Nasdaq-listed cryptocurrency mining company Marathon Patent Group signed a letter of intent to acquire the mining-as-a-service company Fastblock Mining, founded in 2014, in an all-stock deal.
- Marathon will acquire Fastblock for 8,658,009 common shares, currently trading around $2.48, giving the deal a total value of about $22 million.
- After deploying Fastblock’s 3,304 ASIC miners, Marathon’s mining power will increase by 208 petahash per second, according to the announcement.
- Marathon also said the deal will cut its overall cost to mine bitcoin (BTC) from $7,400 per BTC to $3,600 per BTC due to the lower-than-industry-standard electricity cost of $0.0285 per KwH.

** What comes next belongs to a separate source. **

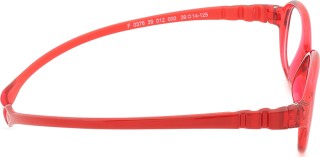 Active Spring F037639012000 39 (de 2 - 8 anos) Lado do produto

- Fastblock has been “actively seeking a partner that could help us build one of the largest bitcoin mining companies in North America,” according to Fastblock CEO Bernardo Schucman.
- Schucman will stay on with Marathon after the deal and become its head of mining operations.
- Marathon said it will work with Fastblock’s management team to expand the current power capacity in Fastblock's Atlanta facility from of 15MwH to 45MwH. The facility may be expanded up to a maximum of 100MwH of power should Marathon's expansion efforts require additional power, the company said.
- The acquisition is the latest move in Marathon's push to rapidly expand its mining operations in light of the recent runup in BTC. On Monday, Marathon announced its receipt of 1,300 new mining machines – WhatsMiner M31S+ and S19 Pros – with 1,000 additional S19 Pros expected to arrive by December.
- Marathon said it expects the acquisition to close by the end of September.
Update (August 26, 15:30 UTC): This article has been updated with the company's halving of mining costs and additional information about Bernardo Schucman.